Avant de commencer, définissons les trois concepts de revenus sur lesquels nous allons nous pencher dans ce billet. D’abord, le revenu du marché. Cela représente essentiellement les revenus tirés d’un emploi (salaire), mais également les revenus de placements et les prestations de régimes de retraite. Vient ensuite le revenu après impôt. Il s’agit du revenu total déduit de ce qui est payé en impôt au fédéral et au provincial, auquel sont additionnés les crédits et les transferts dont peut bénéficier un contribuable. Cela représente l’argent disponible pour les dépenses courantes de la majorité de la population. À cela, on peut ajouter les gains en capital, soit le profit fait lorsque l’on revend un actif plus cher que ce que l’on a payé. L’exemple classique est celui d’une maison: le gain en capital représente la différence entre le prix d’achat et le prix de vente. Cela s’applique également à la vente de titres comme des actions ou des obligations. Au Canada, seulement 50% de ce gain est imposé.
Évolution des revenus entre 2019 et 2020
Entre 2019 et 2020, la plupart des catégories de revenus ont soit stagné, soit diminué au Québec. Le revenu du marché moyen de l’ensemble des déclarants n’a pas bougé pendant cette période. Du côté des très riches gagnant 0,1% des plus hauts revenus, il y a eu une légère diminution de 0,9%, mais ce sont les 50% les plus pauvres qui ont subi la plus grande perte, avec une réduction de 13,1%. Cela n’est pas surprenant puisque les pertes d’emplois ont frappé essentiellement cette catégorie de contribuables, les entreprises préférant mettre à la porte leurs employé·e·s à faible salaire. Au contraire, les personnes occupant des emplois mieux rémunérés ont été mieux protégées, notamment parce qu’elles avaient la possibilité de réaliser du télétravail.

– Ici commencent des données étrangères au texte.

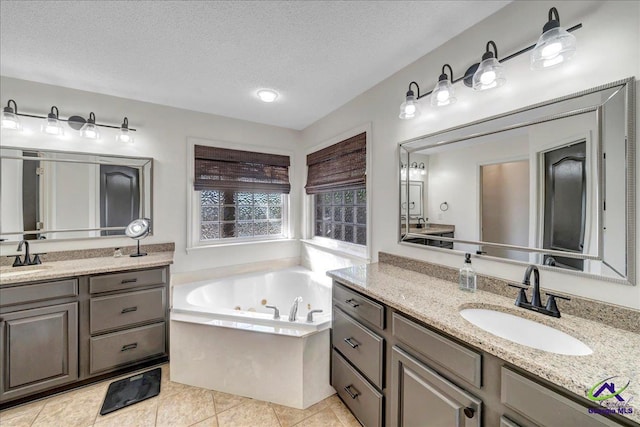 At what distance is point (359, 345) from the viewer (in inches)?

Toutefois, l’État a compensé les pertes encourues par certains travailleurs et travailleuses en créant la Prestation canadienne d’urgence, ce qui a permis d’inverser la tendance en améliorant les revenus après impôt du 50% le plus pauvre de plus de 14%. Même si la progression n’a pas été aussi importante pour les plus nantis, leurs revenus après impôt et après gain en capital a tout de même légèrement augmenté entre 2019 et 2020 — cette « petite » hausse représentant néanmoins un montant (29 300$) plus élevé que le revenu moyen des 50% les plus pauvres (21 500$).
Évolution des revenus entre 2019 et 2021
La situation est bien différente quand on compare les années 2019 et 2021. Pour le 50% de la population au bas de l’échelle, les revenus du marché ont stagné entre les deux années. C’est une moins mauvaise nouvelle qu’il n’y paraît puisque cela indique une augmentation importante des revenus entre 2020 et 2021 qui a permis de compenser les pertes de l’année précédente. Quant à eux, les contribuables formant le 0,1% le plus riche ont plus que rattrapé le retard pandémique et ont même amélioré leurs revenus de plus de 20% sur la même période.
Une fois les impôts payés et les transferts redistribués, les hausses de revenus semblent mieux réparties. Si la hausse la plus importante a été enregistrée par la catégorie du 0,1% le plus riche (16,0%), le 50% le plus pauvre arrive au deuxième rang avec un revenu moyen 10,3% plus élevé qu’en 2019. Or, la hausse des revenus après impôt entre 2019 et 2021 est près de quatre points de pourcentage inférieure à celle survenue entre 2019 et 2020. En d’autres mots, bien qu’elle ait été temporairement protégée, cette catégorie de la population s’est appauvrie depuis le début de la pandémie, car les gains qu’elle a réalisés lors de la première année de confinement ont pour ainsi dire été annulés par la suite.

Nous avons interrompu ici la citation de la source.